Lunedi 27 Gennaio, alle ore 9.00, in occasione della “Giornata della Memoria”, presso l’Aula Magna della scuola secondaria di 1° grado “Pardo”, ha avuto luogo l’incontro “La Shoah tra memoria storica e attualizzazioni: testimonianze del passato e riflessioni sui pregiudizi razziali”.

L’evento, curato dalla prof.ssa Caterina Girlando, referente per la legalità, è stato aperto dall’ “Inno di Mameli” eseguito dal coro della scuola, diretto dal prof. Rosario Guzzo e si è concluso con la performance musicale degli alunni delle classi terze, guidati dal prof. Salvatore Perrone.

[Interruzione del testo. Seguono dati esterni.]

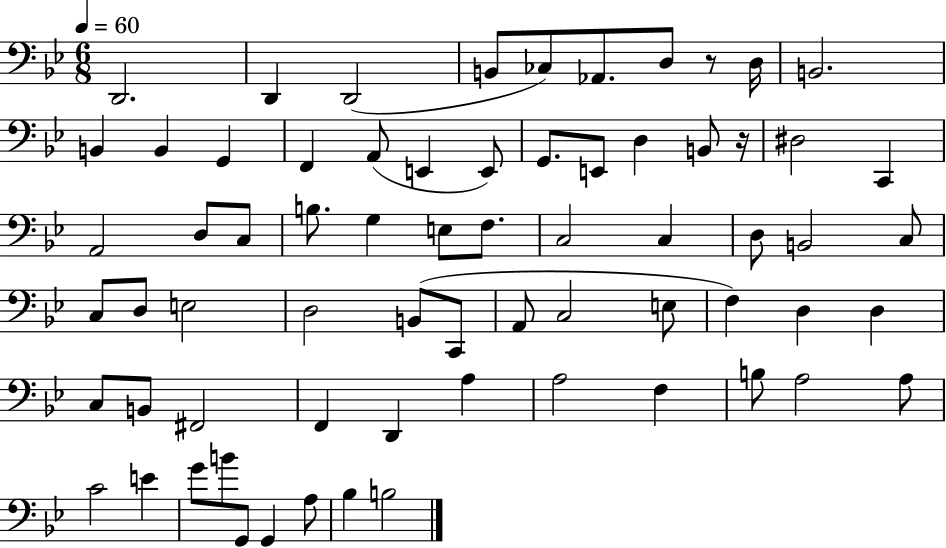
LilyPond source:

{
  \clef bass
  \numericTimeSignature
  \time 6/8
  \key bes \major
  \tempo 4 = 60
  d,2. | d,4 d,2( | b,8 ces8) aes,8. d8 r8 d16 | b,2. | \break b,4 b,4 g,4 | f,4 a,8( e,4 e,8) | g,8. e,8 d4 b,8 r16 | dis2 c,4 | \break a,2 d8 c8 | b8. g4 e8 f8. | c2 c4 | d8 b,2 c8 | \break c8 d8 e2 | d2 b,8( c,8 | a,8 c2 e8 | f4) d4 d4 | \break c8 b,8 fis,2 | f,4 d,4 a4 | a2 f4 | b8 a2 a8 | \break c'2 e'4 | g'8 b'8 g,8 g,4 a8 | bes4 b2 | \bar "|."
} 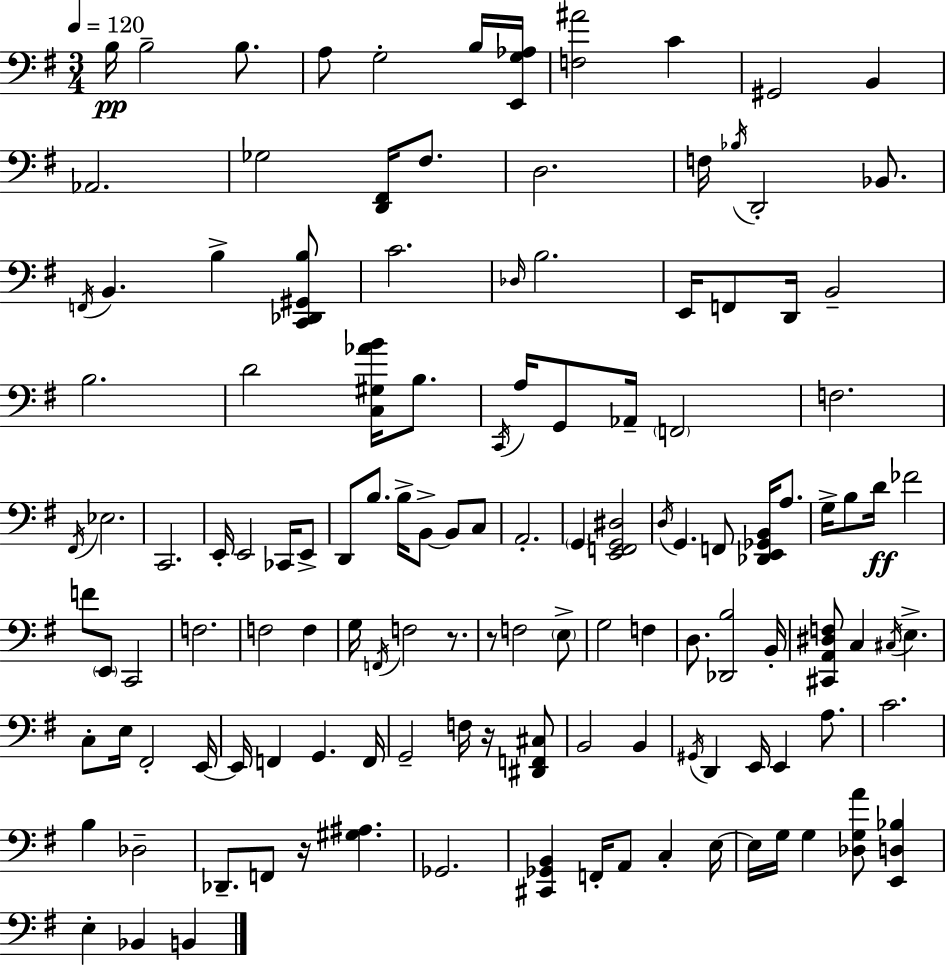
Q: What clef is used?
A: bass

La dirigente dell’istituto, Prof.ssa Anna Vania Stallone,  ha accolto e presentato i graditi ospiti, sottolineando l’importanza della manifestazione voluta dallo Stato italiano che, con la  legge 211 del 20 luglio del 2000, ha istituito la giornata dedicata alla  memoria degli orrori che i sistemi totalitari hanno commesso ai danni delle fasce più deboli.

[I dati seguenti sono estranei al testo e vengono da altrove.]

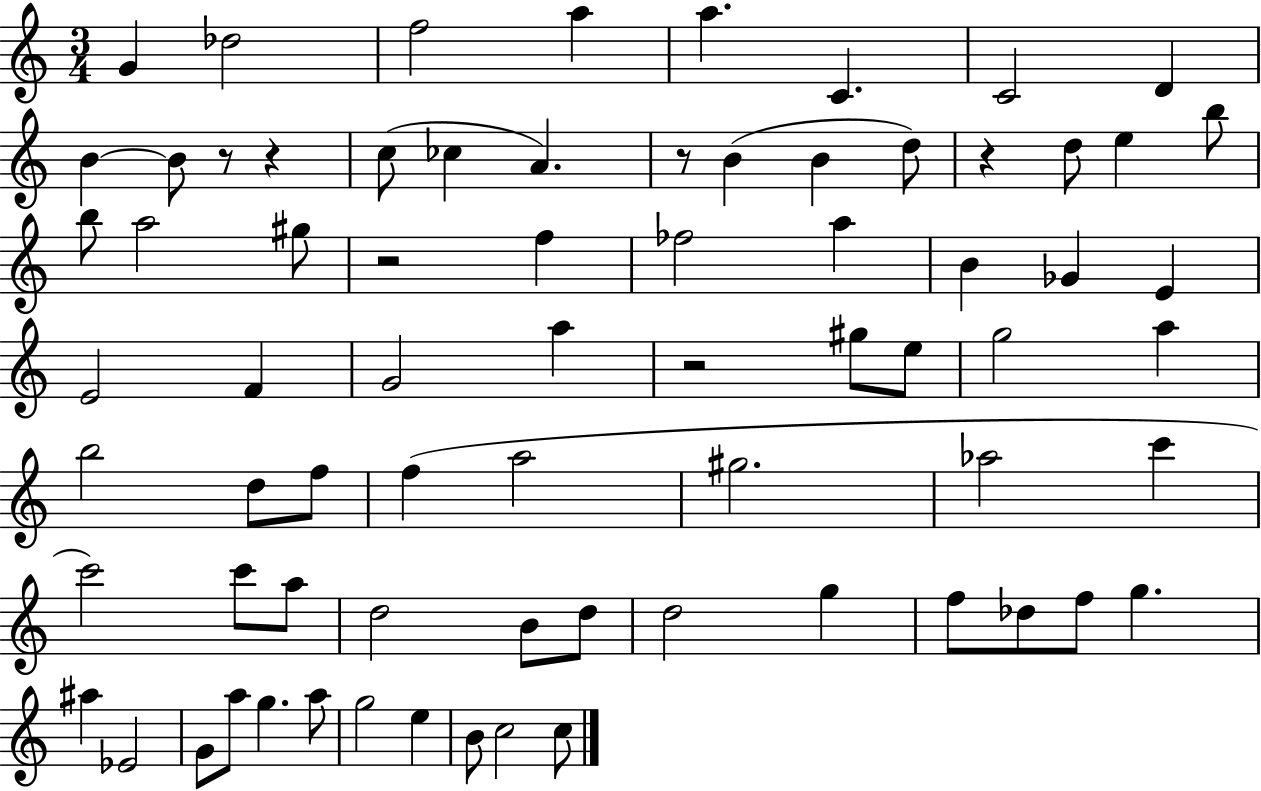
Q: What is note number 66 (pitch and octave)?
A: C5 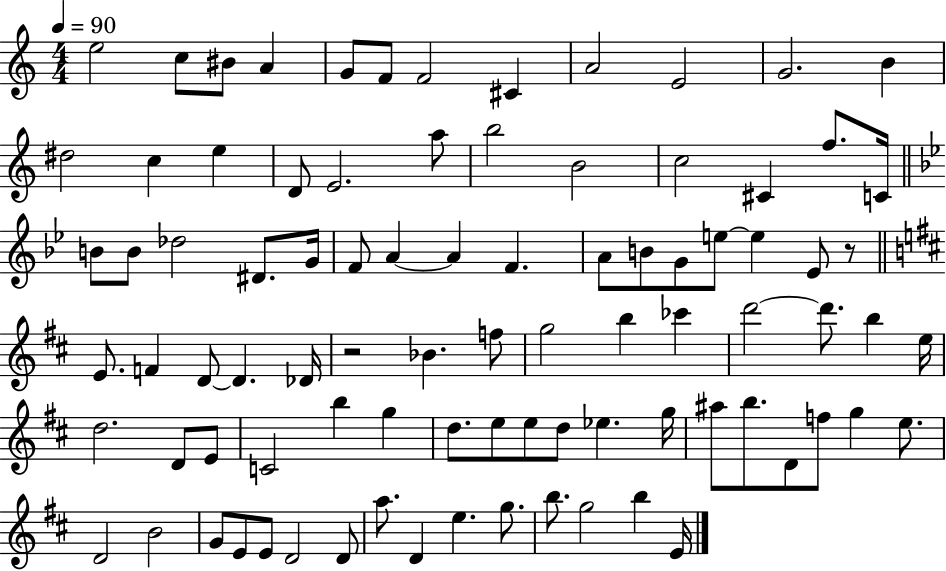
X:1
T:Untitled
M:4/4
L:1/4
K:C
e2 c/2 ^B/2 A G/2 F/2 F2 ^C A2 E2 G2 B ^d2 c e D/2 E2 a/2 b2 B2 c2 ^C f/2 C/4 B/2 B/2 _d2 ^D/2 G/4 F/2 A A F A/2 B/2 G/2 e/2 e _E/2 z/2 E/2 F D/2 D _D/4 z2 _B f/2 g2 b _c' d'2 d'/2 b e/4 d2 D/2 E/2 C2 b g d/2 e/2 e/2 d/2 _e g/4 ^a/2 b/2 D/2 f/2 g e/2 D2 B2 G/2 E/2 E/2 D2 D/2 a/2 D e g/2 b/2 g2 b E/4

Oggi, ha sottolineato la dirigente, “siamo tutti impegnati in momenti di confronto che hanno un grande significato, quello di centrare il valore delle democrazie  e valorizzare l’importanza della tolleranza, del rispetto, dell’accoglienza e soprattutto della libertà”.

Ha partecipato all’incontro l’assessore Barresi che ha rivolto il saluto istituzionale da parte del Sindaco della Città di Castelvetrano-Selinunte.

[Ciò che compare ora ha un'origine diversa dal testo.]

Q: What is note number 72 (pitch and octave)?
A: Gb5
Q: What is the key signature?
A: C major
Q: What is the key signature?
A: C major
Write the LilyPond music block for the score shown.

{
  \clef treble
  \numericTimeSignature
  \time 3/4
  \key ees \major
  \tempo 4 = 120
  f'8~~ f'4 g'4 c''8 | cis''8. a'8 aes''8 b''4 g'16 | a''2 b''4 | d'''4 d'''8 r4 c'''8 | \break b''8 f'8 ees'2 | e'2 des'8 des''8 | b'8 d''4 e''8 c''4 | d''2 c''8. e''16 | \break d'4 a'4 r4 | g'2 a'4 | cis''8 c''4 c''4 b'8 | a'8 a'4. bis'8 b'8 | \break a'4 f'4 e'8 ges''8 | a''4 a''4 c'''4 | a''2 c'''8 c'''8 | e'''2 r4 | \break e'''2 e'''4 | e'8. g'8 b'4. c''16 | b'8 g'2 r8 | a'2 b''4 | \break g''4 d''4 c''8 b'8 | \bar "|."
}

Successivamente è intervenuto il dott. Aldo Virzì, presidente dell’ANPI (Associazione Nazionale Partigiani d’Italia) sezione di Trapani, che, ponendo come obiettivo prioritario la difesa dei valori democratici e della Costituzione, ha testimoniato i valori della Resistenza  e della lotta di liberazione dal fascismo.

Di seguito, l’intervento della dott.ssa Francesca Battista – Libraia di Lettera 22 di Mazara del Vallo e della dott.ssa Valentina Calamusa.

Ospite dell’Istituto anche Islam Md Juhirul, accompagnato dalla dott.ssa Flavia Amato, in qualità di assistente sociale, nel racconto del suo “viaggio” e del suo percorso di “rivincita”.

“Conoscere è necessario”, come dice Primo Levi, conoscere significa, dunque, aprire gli occhi sul presente  e costruire un futuro fondato sull’esperienza del passato.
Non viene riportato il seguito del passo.